## TASK PROMPT
When duplicating the records beneath this instruction, omit every picture and keep all else exact.

START RECORD EXCERPTS

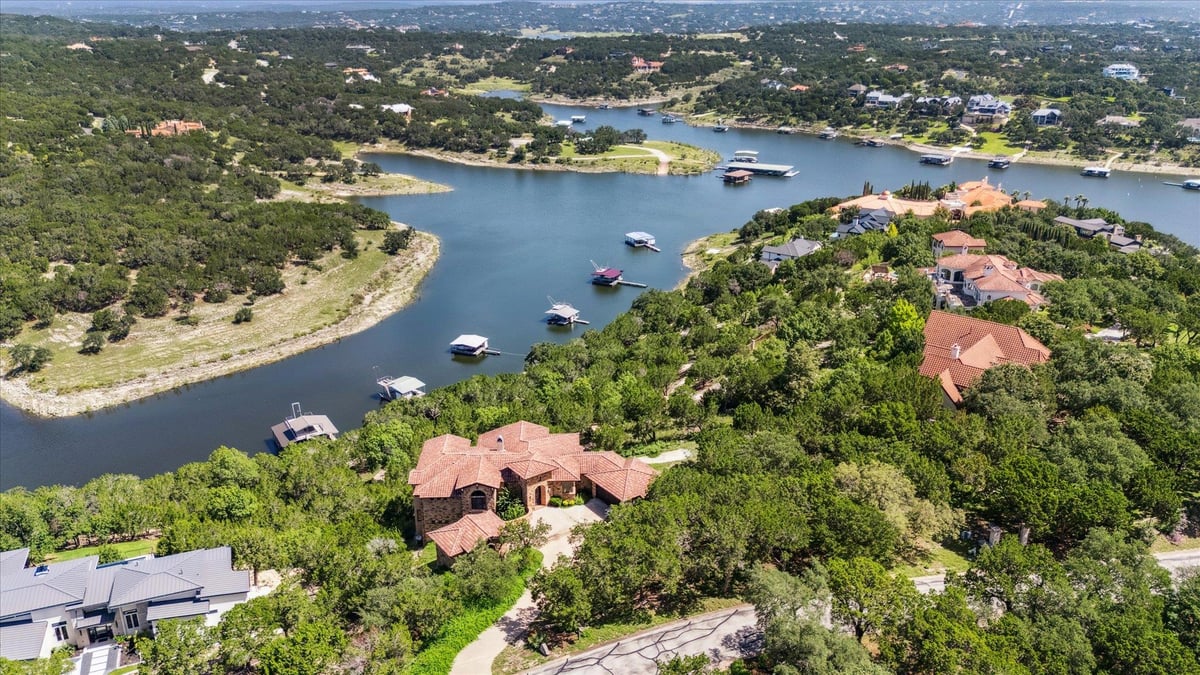 709 S Angel Light Dr - front exterior - Luxury home in Angel Bay, Spicewood, TX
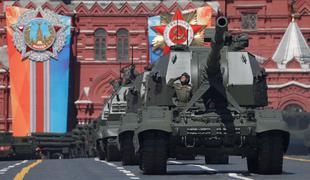 V Rusiji dan zmage zaznamovali z veličastno vojaško parado #foto #video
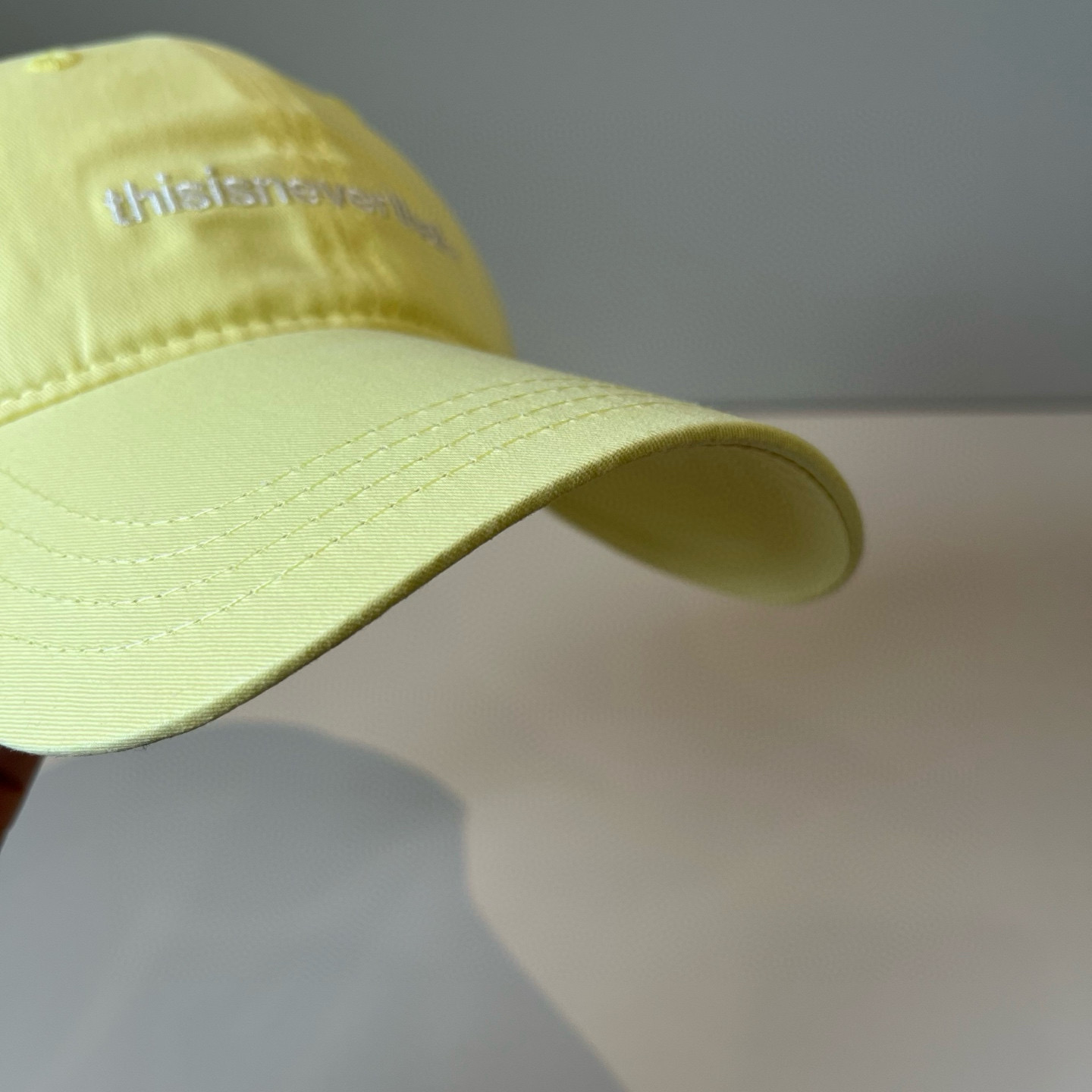 
潮牌🧢官网新品，棒球帽，原单品质火爆来袭 。🎩 工艺非常精美 高档大气上档次！低调奢华，方便携带！跑量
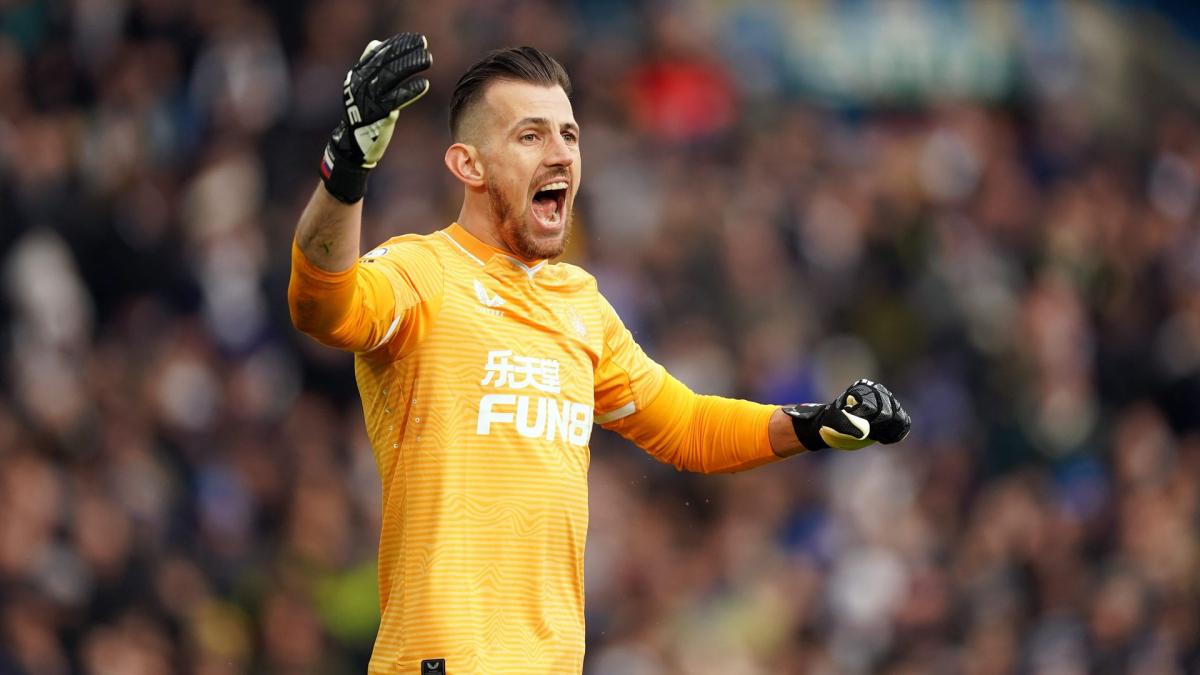 Chelsea Fan Confronts Newcastle Goalkeeper Dubravka in Shocking Incident During Carabao Cup Match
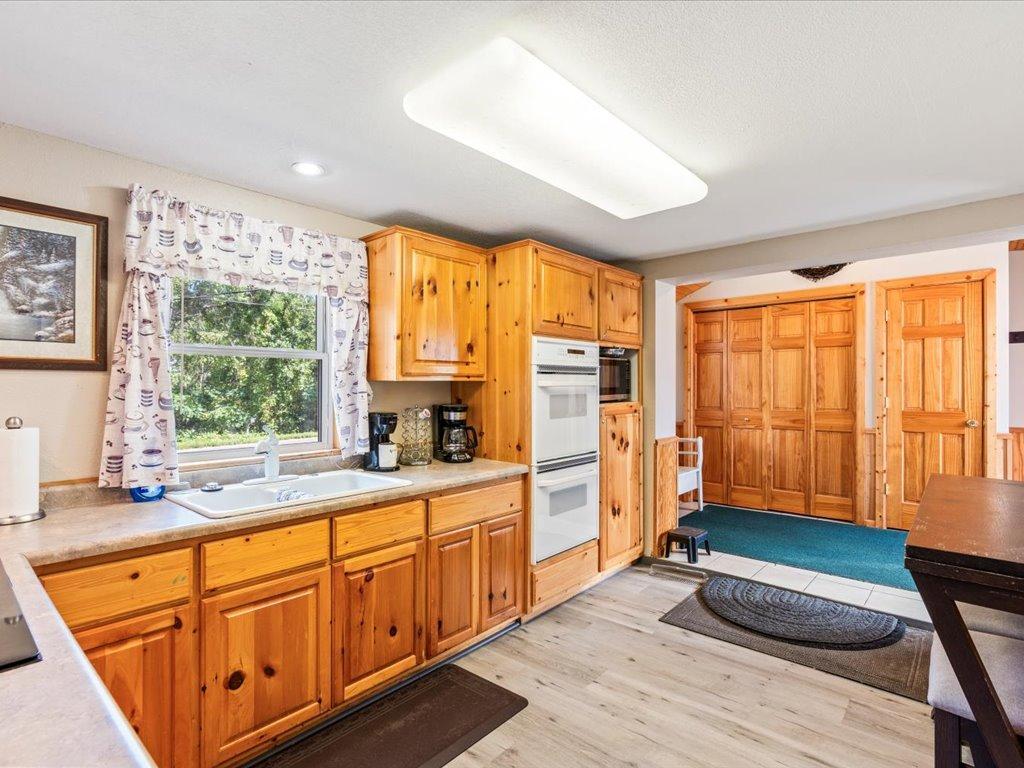 1960 single family home for sale at 26573 Lower Cullen Road in Nisswa, MN — 2 bed, 1 bath (photo 7 of 45)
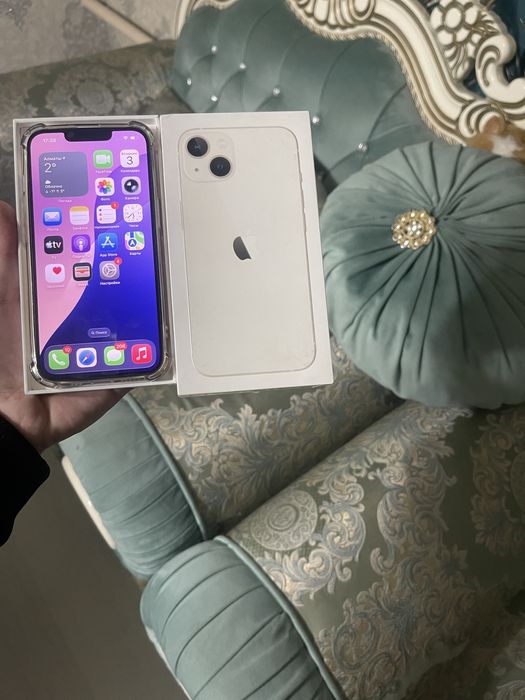 Продам телефон Айфон 13 128 Идеальный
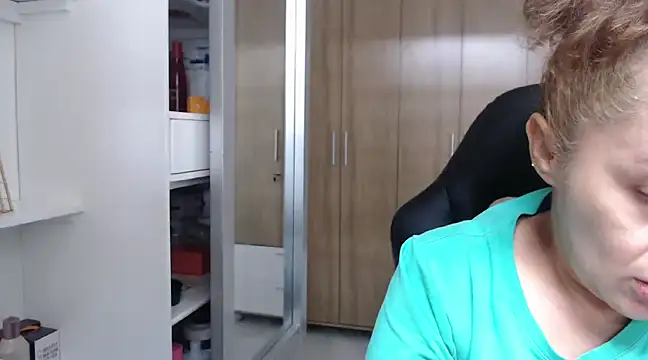 Snapshot of RoxanaLove9 chatting on January 2, 6:34 pm RoxanaLove9 online show from January 2, 6:34 pm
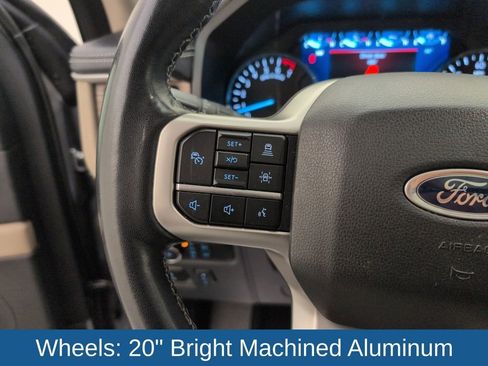 Used 2024 Ford Expedition Limited image 46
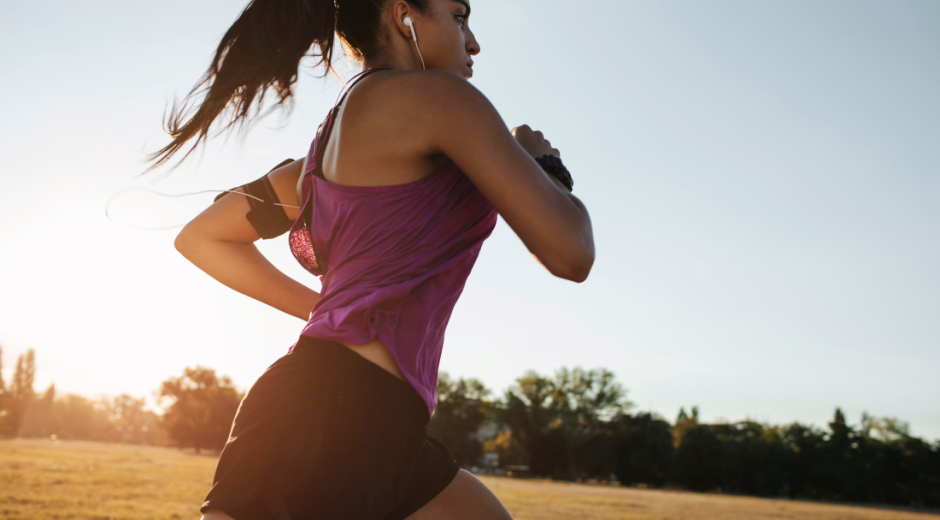 Corrida envelhece o rosto? Dermatologista esclarece mitos e verdades sobre a chamada runner’s face
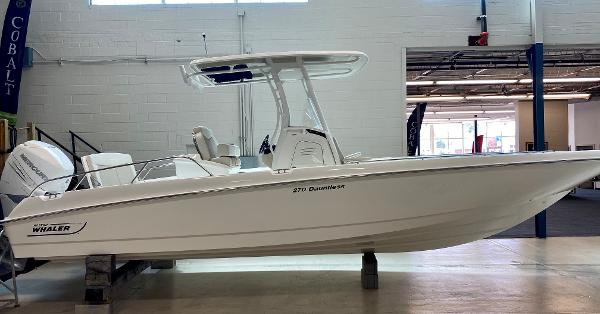 2021 Boston Whaler 270 Dauntless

END RECORD EXCERPTS

## WRITTEN SOLUTION
 709 S Angel Light Dr - front exterior - Luxury home in Angel Bay, Spicewood, TX
 V Rusiji dan zmage zaznamovali z veličastno vojaško parado #foto #video
潮牌🧢官网新品，棒球帽，原单品质火爆来袭 。🎩 工艺非常精美 高档大气上档次！低调奢华，方便携带！跑量
 Chelsea Fan Confronts Newcastle Goalkeeper Dubravka in Shocking Incident During Carabao Cup Match
 1960 single family home for sale at 26573 Lower Cullen Road in Nisswa, MN — 2 bed, 1 bath (photo 7 of 45)
 Продам телефон Айфон 13 128 Идеальный
 Snapshot of RoxanaLove9 chatting on January 2, 6:34 pm RoxanaLove9 online show from January 2, 6:34 pm
 Used 2024 Ford Expedition Limited image 46
 Corrida envelhece o rosto? Dermatologista esclarece mitos e verdades sobre a chamada runner’s face
 2021 Boston Whaler 270 Dauntless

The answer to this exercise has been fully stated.